I've been there. Right now, I'm one of the EXCEPTIONALLY LUCKY in that I'm a 40-something who's in a Unviersity job. (We don't have tenure where I am, but it's a small teaching-oriented liberal arts college of exactly the sort I always wanted to teach at.) But, I've been in the position of trying to find a job and not being able to, and of being on the tenure track with certainty that I was going to get turned down because I couldn't get money out of highly overtaxed funding agencies. And I felt like a complete, worthless failure, somebody who's life didn't add up to a damn thing, somebody who couldn't do anything. THAT is how a PhD (mine is in Physics) turns you into a horrible person.
I must study politics and war, that my sons may have the liberty to study mathematics and philosophy, natural history and naval architecture, in order to give their children a right to study painting, poetry, music, architecture, tapestry, and porcelain.
- John Adams
As someone who was told this 20 years ago but saw through it, let me say that there is plenty of room for literature majors in private industry -- the trick is to not believe everything you're told by the university literature culture, and keep those social connections outside of the field. There are also a significant number of positions available for decent pay within academia, as long as you don't mind not working in the field that stems directly out of your thesis.
Part of the problem is that many literature majors get their PhD and feel like they have arrived and deserve the tenure track positions -- when there's really only a limited market compared to the number of people seeking those positions. BUT, with a bit more education in linguistics, design, computing science, or a number of other areas, suddenly you're someone who can land anything from an administrative job designing courses for ESL schools, to a community college languages head (they love to get people with a PhD and diverse training) to work at a marketing or communications firm, to a research job at a tech firm.
These positions will make anywhere from $48-120K as a starting salary. The trick is to remember to balance literature research with real life. It can be done. I know a number of people from the field who have done it, and thrived.
> People who want to study useless $H!T like art and literature should do so on their own dime and make sure they have a plan to earn a basic income of their own.
I'm an electrical engineer and software developer, and I find your comment incredibly ignorant and offensive. Once a society gets above the level of mere subsistence, culture is pretty much the entire point of human existence.

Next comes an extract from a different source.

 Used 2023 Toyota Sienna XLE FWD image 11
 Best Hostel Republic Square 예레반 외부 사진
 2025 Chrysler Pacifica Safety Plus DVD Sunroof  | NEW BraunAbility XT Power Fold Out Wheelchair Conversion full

The extreme materialism and utilitarianism implied by your post shows how poor and undeveloped your worldview is.
"Politicians and diapers must be changed often, and for the same reason."
Holy cow, this comment is ignorant. I have a Ph.D. in literature from a top university. I got a job at a tenure-track, Research I university right out of graduate school -- which was a miracle in and of itself, given what jobs were out there at the time -- and after 5 years of living in a remote area far removed from friends and family, not to mention being underpaid, I decided to move back to the East coast to live closer to my family. I searched for another teaching job -- any teaching job: high school, public, private, tutoring -- for three years. What's available aren't "hundreds and thousands of education jobs in high schools or for tutoring or private schools" (did you just pull that out of your ass?) -- What's available are thousands of education jobs that 1) pay no benefits, 2) pay by course and generally below the poverty level, 3) are on a per-semester contract basis.
I'm now going into instructional technology, which has vastly greater prospects. The future of teaching -- high school or otherwise -- is in contingent labor, laborers who will be vastly undereducated in comparison to those from previous generations of teachers who were properly compensated and appreciated by students, parents, and their society at large.
Get a fucking clue, dude. Your private catholic high school experience does not remotely qualify you to claim some knowledge of the job industry for teachers.